Creating .cool and .hic files¶
hictkpy supports creating .cool and .hic files from pre-binned interactions in COO or BedGraph2 format.
The examples in this section use file 4DNFIOTPSS3L.hic, which can be downloaded from the 4D Nucleome Data Portal here.
Preparation¶
The first step involves converting interactions from 4DNFIOTPSS3L.hic to bedGraph2 format.
This can be achieved using hictk dump (or alternatively with hictkpy.File.fetch()).
user@dev:/tmp$ hictk dump --join 4DNFIOTPSS3L.hic --resolution 50000 > pixels.bg2
user@dev:/tmp$ head pixels.bg2
2L 0 50000 2L 0 50000 30211
2L 0 50000 2L 50000 100000 13454
2L 0 50000 2L 100000 150000 2560
2L 0 50000 2L 150000 200000 911
2L 0 50000 2L 200000 250000 753
2L 0 50000 2L 250000 300000 846
2L 0 50000 2L 300000 350000 530
2L 0 50000 2L 350000 400000 378
2L 0 50000 2L 400000 450000 630
2L 0 50000 2L 450000 500000 756
Next, we also generate the list of chromosomes to use as reference.
user@dev:/tmp$ hictk dump -t chroms 4DNFIOTPSS3L.hic > chrom.sizes
user@dev:/tmp$ head chrom.sizes
2L 23513712
2R 25286936
3L 28110227
3R 32079331
4 1348131
X 23542271
Y 3667352
Ingesting interactions in a .cool file¶
In [1]: import hictkpy as htk
In [2]: import pandas as pd
# Create a dictionary mapping chromosome names to chromosome sizes
In [3]: chroms = pd.read_table("chrom.sizes", names=["name", "length"])
...: .set_index("name")["length"]
...: .to_dict()
In [4]: chroms
Out[4]:
{'2L': 23513712,
'2R': 25286936,
'3L': 28110227,
'3R': 32079331,
'4': 1348131,
'X': 23542271,
'Y': 3667352}
# Define the name of the columns for later use
In [5]: cols = ["chrom1", "start1", "end1",
...: "chrom2", "start2", "end2",
...: "count"]
# Initialize an empty .cool file
In [6]: with htk.cooler.FileWriter("out.cool", chroms, resolution=50_000) as writer:
...: # Lazily load pixels in chunks to reduce memory usage
...: pixels = pd.read_table("pixels.bg2", names=cols, chunksize=1_000_000)

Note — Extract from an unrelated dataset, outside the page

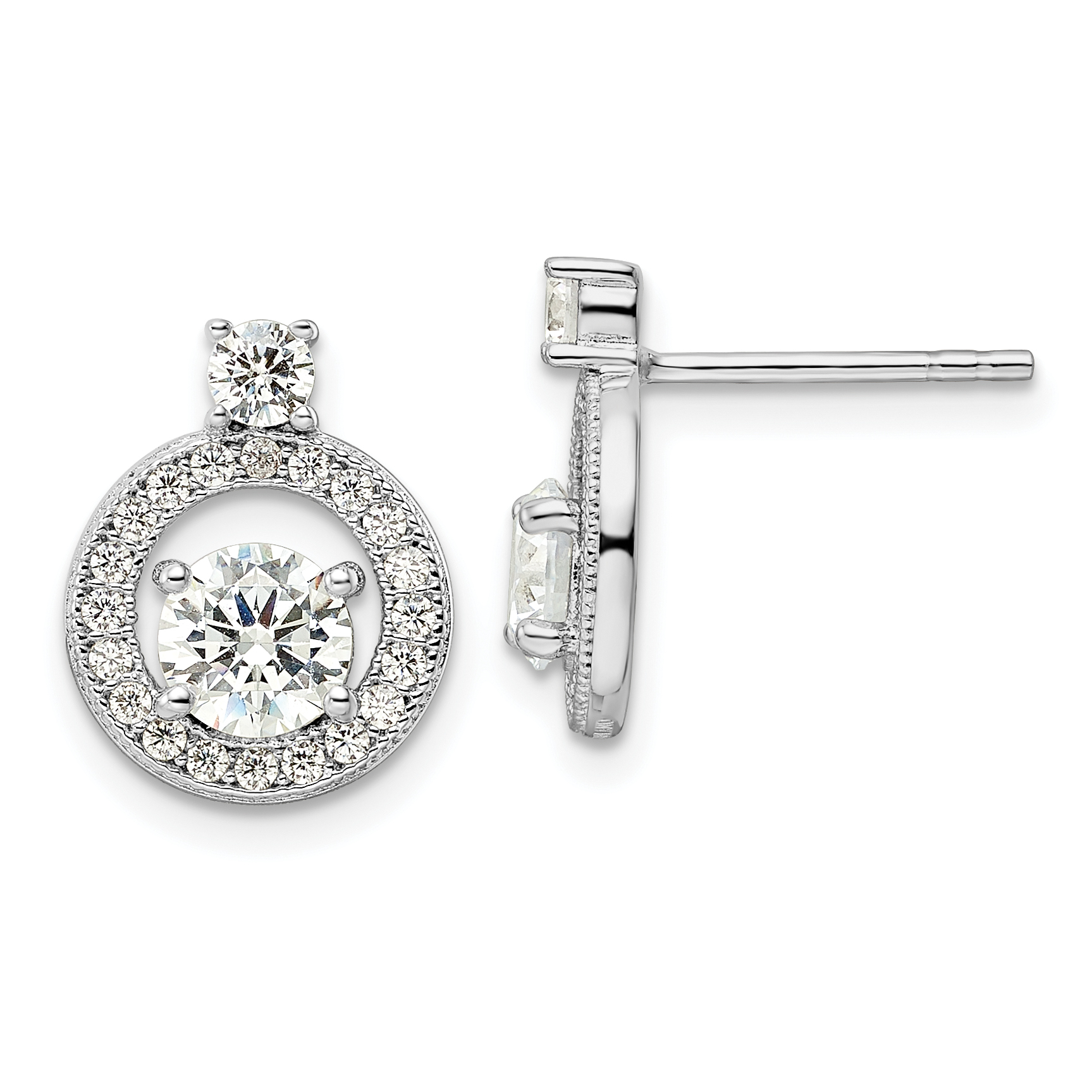 Sterling Silver Rhodium-plated Polished CZ Halo Circle Post Earrings (QE16205)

...: # Add chunks of pixels one by one
...: for i, df in enumerate(pixels):
...: print(f"adding chunk #{i}...")
...: writer.add_pixels(df)
...:
adding chunk #0...
adding chunk #1...
adding chunk #2...
adding chunk #3...
# Check that the resulting file has some interactions
In [7]: htk.File("out.cool").attributes()["nnz"]
Out[7]: 3118456
Ingesting interactions in a .hic file¶
Follow the same steps as above for .cool files, but replace htk.cooler.FileWriter with htk.hic.FileWriter.
Tips and tricks¶
When loading interactions into a .cool or .hic file, interactions are initially stored in a temporary file. For a large number of interactions, this temporary file can become quite large. In such cases, it may be appropriate to pass a custom temporary folder where these files will be created:
In [1]: f = htk.cooler.FileWriter("out.cool", chroms, resolution=50_000, tmpdir="/var/tmp/hictk")
When ingesting interactions in a .hic file, performance can be improved by using multiple threads:
In [1]: f = htk.hic.FileWriter("out.hic", chroms, resolution=50_000, n_threads=8)
When memory allows, it is possible to bypass temporary file creation by specifying a very large chunk size and ingesting all interactions at once. This can significantly speed up file creation:
# Initialize an empty .cool file
In [1]: cols = ["chrom1", "start1", "end1",
...: "chrom2", "start2", "end2",
...: "count"]
In [2]: df = pd.read_table("pixels.bg2", names=cols)
In [3]: with htk.cooler.FileWriter("out.cool", chroms, resolution=50_000, chunk_size=len(df) + 1) as writer:
...: writer.add_pixels(df)
...:
In case it is not possible to install a compatible version of pandas or pyarrow, the FileWriter
classes support ingesting interactions from dictionaries of iterables
(e.g., a dictionary mapping keys bin1_id, bin2_id, and count to iterables yielding numbers of the appropriate type).
For more details, refer to the documentation for
hictkpy.cooler.FileWriter.add_pixels_from_dict()
and
hictkpy.hic.FileWriter.add_pixels_from_dict().